Almond excelled at reinterpretation and covers of Northern Soul favourites like ‘Tainted Love’, ‘Where Did Our Love Go?’, ‘What’ and ‘Down In The Subway’ set the tone for some ambitious projects like French chanson and Russian folk in later years.

But despite having hits with their own compositions like ‘Bedsitter’ and ‘Torch’, all was not well in the SOFT CELL camp.
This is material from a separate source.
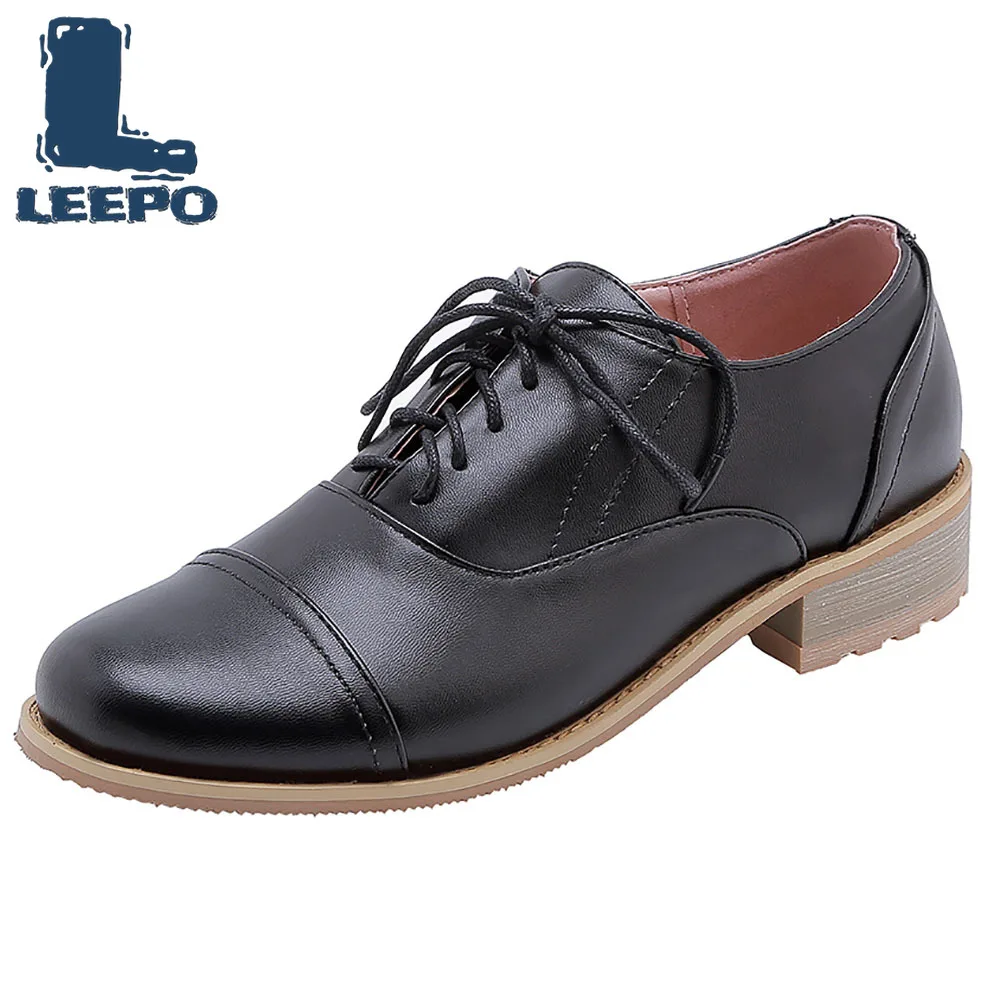 

LEEPO Brogue Shoes for Women Vintage Oxfords Shoes Ladies Apring Retro Large Size Lace-Up Flat Oxfords Female Black Soft Brogue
As their art school ethos clashed with commercial success, the pair imploded and this state of mind was suitably documented by the frantic percussive paranoia of ‘Soul Inside’.

Even before this, Almond was tiring of the electronic pop sound that made him famous. He began to embrace a classic European cabaret style, and this move was highlighted by ‘Black Heart’, a tremendously passionate single by his side project MARC & THE MAMBAS.
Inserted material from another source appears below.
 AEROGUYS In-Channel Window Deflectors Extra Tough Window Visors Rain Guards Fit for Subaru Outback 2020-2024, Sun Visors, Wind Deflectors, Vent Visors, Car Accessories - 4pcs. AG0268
It eventually led to Almond’s first solo record ‘Vermin in Ermine’ in 1984 but perhaps surprisingly, none of this album is represented on Hits & Pieces’, with ‘Tenderness Is A Weakness’ the most missed. This was a period when Almond was losing sales momentum, but with a move to Virgin Records in 1985, ‘Stories Of Johnny’ became an unexpected Top 30 hit.
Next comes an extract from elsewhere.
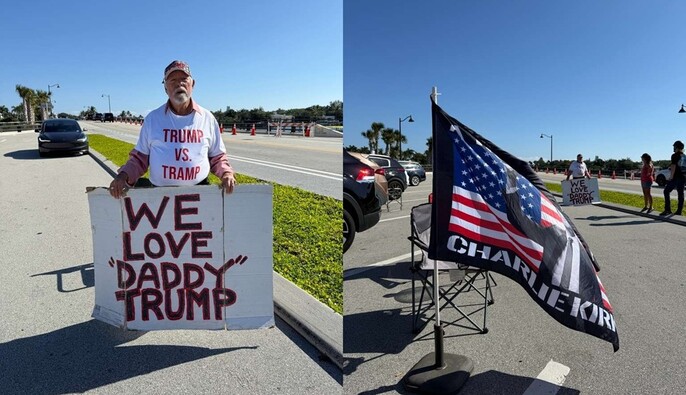 На мосту в Мар-а-Лаго собрались десятки человек в поддержку Украины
And so began a mainstream renaissance for Almond with ‘Tears Run Rings’ getting him back onto ‘Top Of The Pops’ , followed by a No1 in ‘Something’s Gotten Hold Of My Heart’ with the late Gene Pitney. This paved the way for the brilliance of ‘A Lover Spurned’ and ‘The Desperate Hours’, both songs showing Almond was more than well-suited to the grand overtures of hi-tech production.

And so it was that with Trevor Horn at the helm, that another imperial phase began with more electro-orchestrated covers in ‘Jacky’ and ‘The Days Of Pearly Spencer’ plus a reunion with Dave Ball on the wonderfully over-the-top ‘My Hand Over My Heart’ on which Almond demonstrated his fabulously forlorn romanticism.

However, just as it looked like Almond was to consolidate his position as a commercially successful but credible artist, he stole defeat from the jaws of victory with the schizophrenic ‘Fantastic Star’ album in 1996. ‘Hits & Pieces’ features far too many singles from this period, although ‘Child Star’ is a classic Almond ballad, while ‘The Idol’ is a fun glam rock tribute to Bowie and Bolan.

But as the boy who came back, Almond got back on track with new management and one very welcome inclusion on ‘Hits & Misses’ is 2001’s ‘Glorious’. An appropriately titled electronic torch song, it combined his distinctive vocal histrionics with a big sounding production. Around this time, Almond reunited with Dave Ball as SOFT CELL for the ‘Cruelty Without Beauty’ album, but with Almond now declaring this reunion “a terrible mistake”, neither of the two singles ‘Monoculture’ or ‘The Night’ make the tracklisting which is a shame, but understandable.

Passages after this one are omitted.